DESCRIPTION OF THE TASK: Repeat the listing below exactly from the line with "Con ReforestAcción, la" through its last line. Skip every picture.

SOURCE MATERIAL:
....

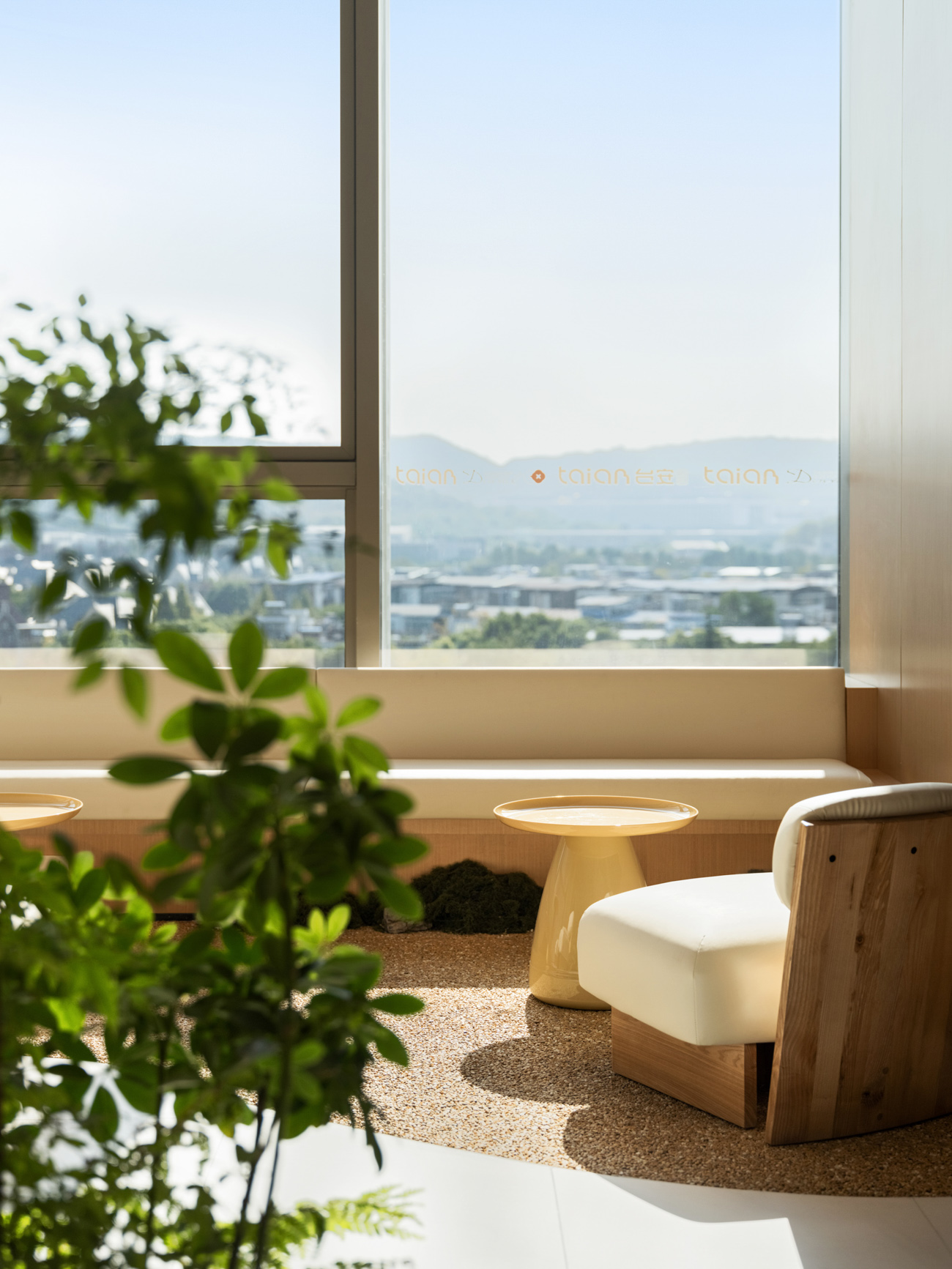 1736253294750793.jpg 阳光下的木质沙发茶几Wooden sofa and coffee table in the sun摄影版权:ingallery.jpg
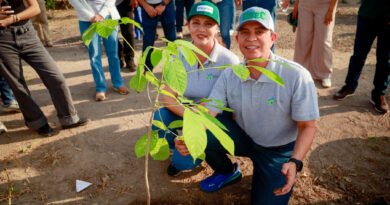Con ReforestAcción, la Universidad de Colima plantará más de 12 mil árboles, durante 2026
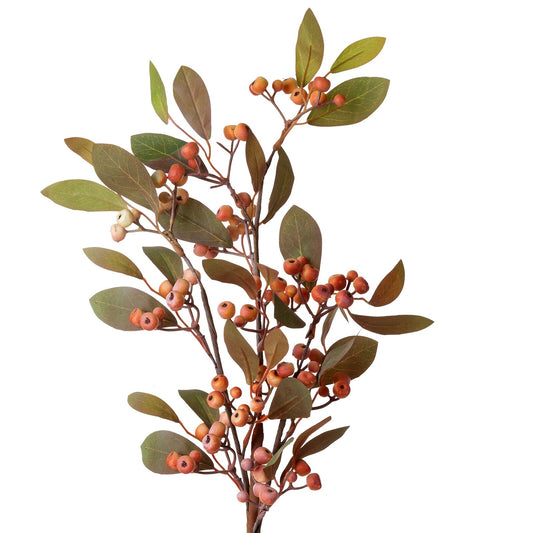 295c42c5629bff892a26fa7a01725d31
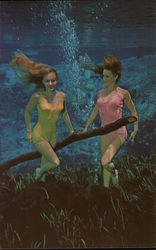 Weeki Wachee Mermaids Postcard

....

SOLUTION TO THIS PROBLEM:
Con ReforestAcción, la Universidad de Colima plantará más de 12 mil árboles, durante 2026
 295c42c5629bff892a26fa7a01725d31
 Weeki Wachee Mermaids Postcard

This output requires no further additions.